BLCO is a GPU implementation of the Blocked Linearized CoOrdinate format for storing and processing sparse tensors. It performs key tensor decomposition operations along every mode (dimension) using a unified approach that works on a single tensor copy. The detailed algorithms are described in the following paper:
- Efficient, Out-of-Memory Sparse MTTKRP on Massively Parallel Architectures. Andy Nguyen, Ahmed E. Helal, Fabio Checconi, Jan Laukemann, Jesmin Jahan Tithi, Yongseok Soh, Teresa M. Ranadive, Fabrizio Petrini, Jeewhan Choi. In Proceedings of the ACM International Conference on Supercomputing (ICS), June 2022. doi:10.1145/3524059.3532363.
To compile the code, simply run make
in the root directory. This will create the cpd64
binary for running CANDECOMP/PARAFAC tensor decomposition (CPD) with a 64-bit BLCO mask.
By default, the Intel ICPC compiler is used.
The code currently requires either Intel MKL or OpenBlas available on the system, as well as CUDA libraries.

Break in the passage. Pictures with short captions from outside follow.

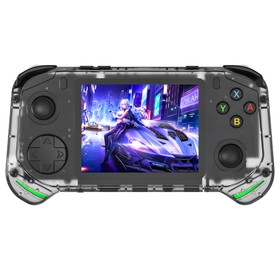 RX6H Handheld Game Console 64GB Grey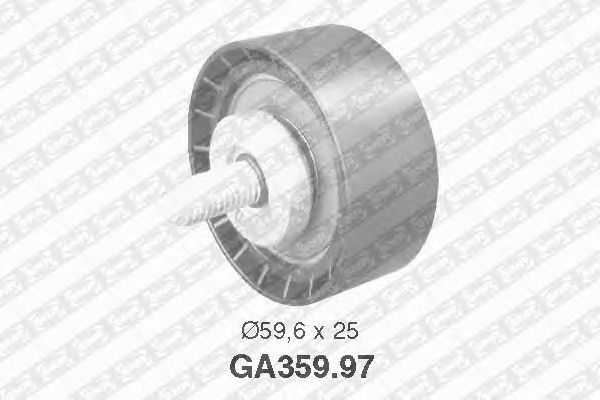 NTN GA35997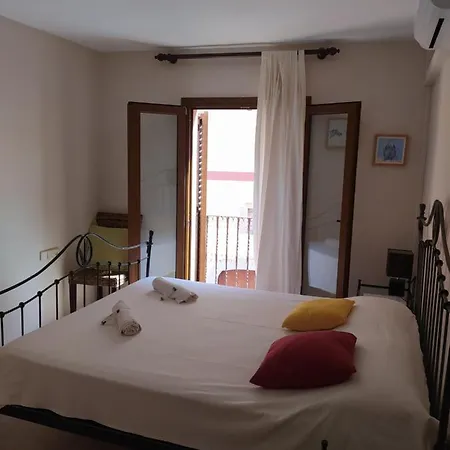 Casa Clara Hotel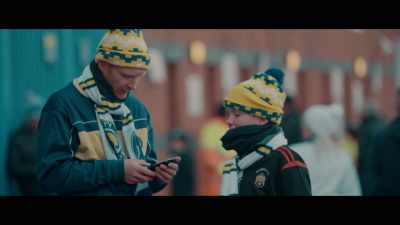 Despite a good run, - Take Us Home: Leeds United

See Settings for more configuration options.
You can perform CPD on a given tensor like this:
./cpd64 -k 10 --rank 16 -m 100 -i /path/to/tensor.tns
This runs CPD with a 64-bit ALTO mask, a rank-16 decomposition, using automatically selected GPU kernels, and a maximum number of 100 iterations (or until convergence).
For only running the matricized tensor times Khatri-Rao product (MTTKRP) use:
./cpd64 -k 10 --rank 16 -m 100 -i /path/to/tensor.tns -p -t 0
This executes 100 iterations of the MTTKRP operation (-p
) with a rank-16 decomposition on the target mode 0 (-t 0
), i.e., the first mode.
Make sure you allocate enough huge pages if you have activated the usage in config.mk.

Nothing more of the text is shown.